Current staffing standards, which were codified in the late 1980srequire homes to have a registered nurse on-site for at least eight consecutive hours, seven days per week and “sufficient” licensed nursing staff to meet patient care needs.
However, CMS wants to tie specific hour requirements to the new staffing standards — a move that the plaintiffs say is a “disconcerting and unexplained deviation” from policy.
The complaint, filed in the U.S. District Court for the Northern District of Texas, argues that the new rule not only clarifies the requirements for providers, but triples them.
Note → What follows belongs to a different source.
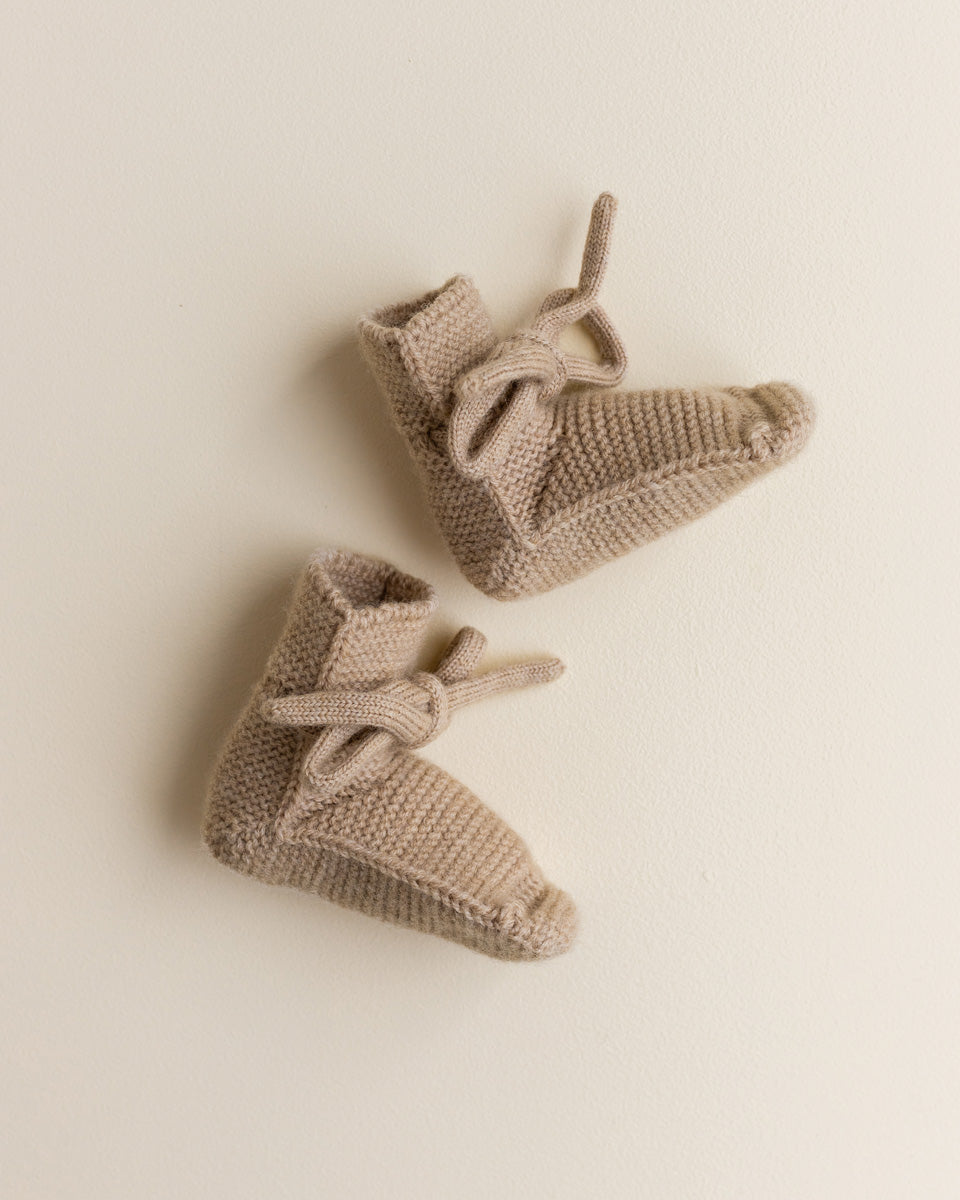 Booties - Sand - 0-9 mnd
As a result, CMS is overstepping its authority and creating “impossible to meet standards that will harm thousands of nursing homes,” the plaintiffs claim.
The AHCA and the National Center for Assisted Living project that nursing homes will need to hire 102,000 additional nurses and aides to comply with the rule, at a total cost of 6.5 billion dollars in additional expense every year.
Homes that cannot afford such costs could close, potentially displacing more than 290,000 current residents, the groups say.
“Even under CMS's low estimate, nursing homes will have to spend more than $40 billion over the next decade to comply with these new personnel requirements,” the lawsuit states. “Congress never delegated to CMS the authority to impose such onerous and unworkable mandates on virtually every nursing home in the country.”
HHS and CMS intend to defend the rule, according to an HHS spokesperson.
“The status quo in too many nursing homes puts residents at unacceptable risk and pushes workers into other professions,” the spokesperson said.